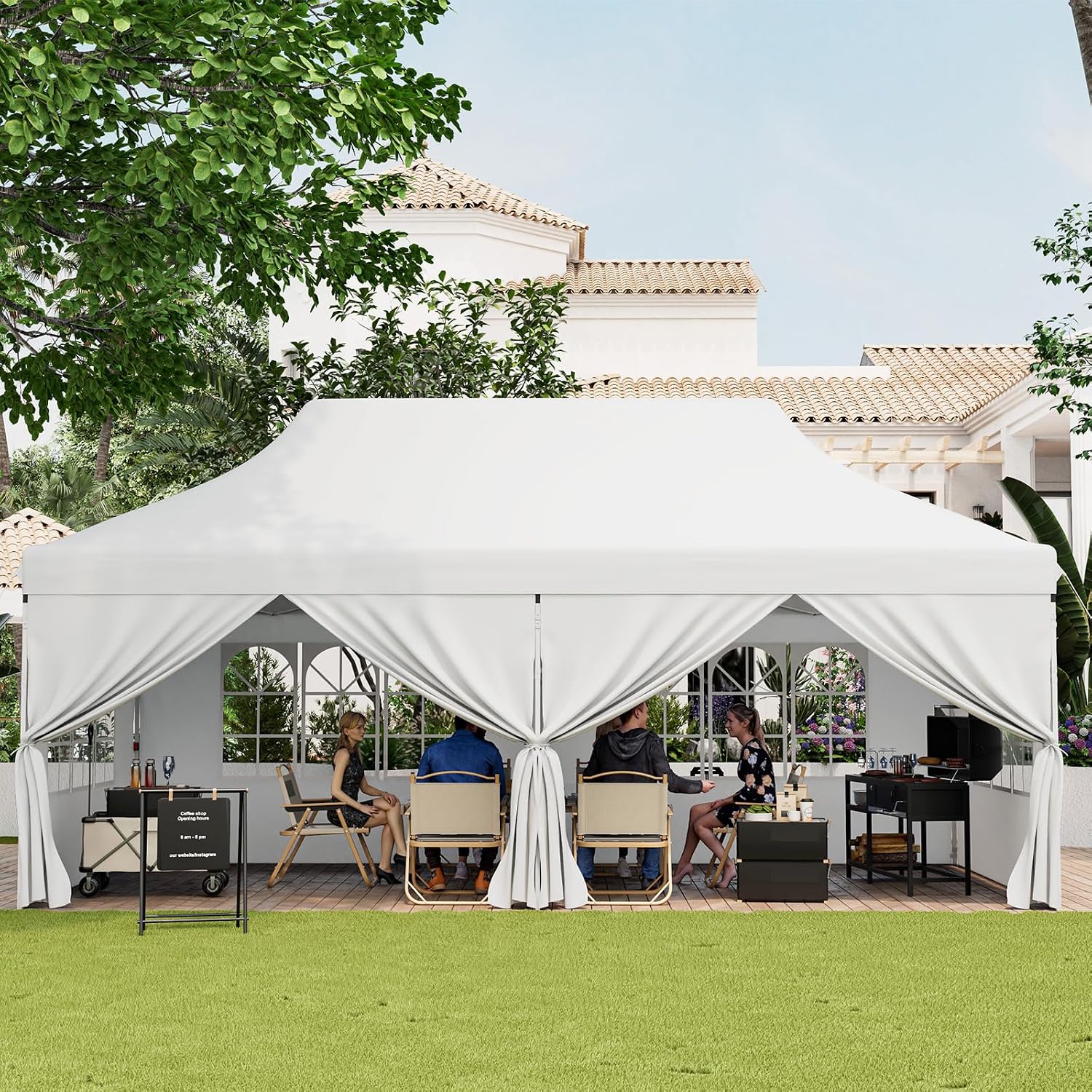HAPPYGRILL 10x20FT Pop-up Canopy with Detachable Sidewalls, Instant Canopy Tent with Carrying Bag, UPF50+ Sun Protection, Easy Setup Gazebo for Outdoor Party Wedding, White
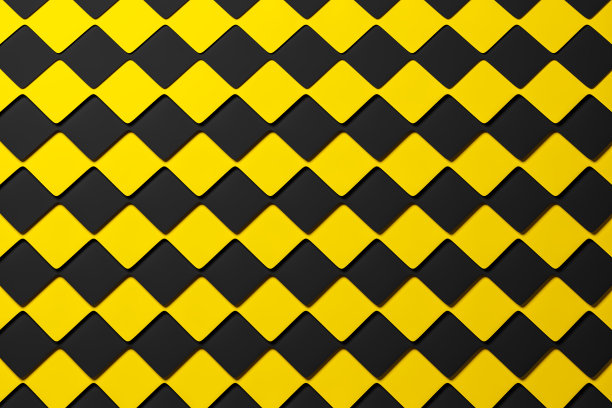 3D插图黑色和黄色方格几何图案图片下载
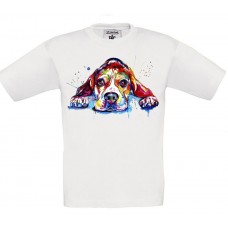 Παιδικό T-Shirt Άσπρο Βαμβακερό με Τύπωμα Χρωματιστό Σκυλάκι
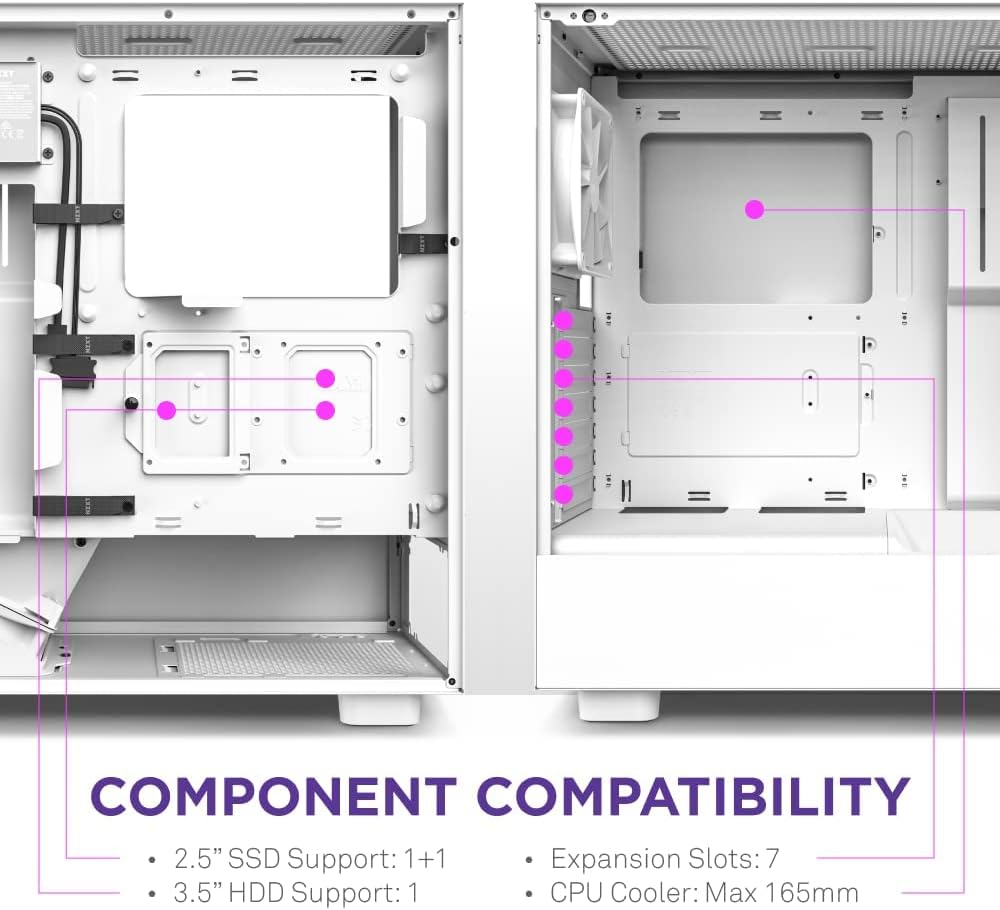 NZXT H5 Flow Compact ATX Mid-Tower PC Gaming Case – High Airflow Perforated Front Panel – Tempered Glass Side Panel – Cable Management – 2 x 120mm Fans Included – 280mm Radiator Support – White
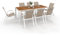 IDMarket - Salon de Jardin NOUMEA Table 190 cm Plateau Verre trempé Effet Bois et 8 chaises empilables Blanc et Bois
□ □ □ □ □
**Exercise directions:** From the material above, copy everything exactly but the pictures.

**Your response:**
HAPPYGRILL 10x20FT Pop-up Canopy with Detachable Sidewalls, Instant Canopy Tent with Carrying Bag, UPF50+ Sun Protection, Easy Setup Gazebo for Outdoor Party Wedding, White
 3D插图黑色和黄色方格几何图案图片下载
 Παιδικό T-Shirt Άσπρο Βαμβακερό με Τύπωμα Χρωματιστό Σκυλάκι
 NZXT H5 Flow Compact ATX Mid-Tower PC Gaming Case – High Airflow Perforated Front Panel – Tempered Glass Side Panel – Cable Management – 2 x 120mm Fans Included – 280mm Radiator Support – White
 IDMarket - Salon de Jardin NOUMEA Table 190 cm Plateau Verre trempé Effet Bois et 8 chaises empilables Blanc et Bois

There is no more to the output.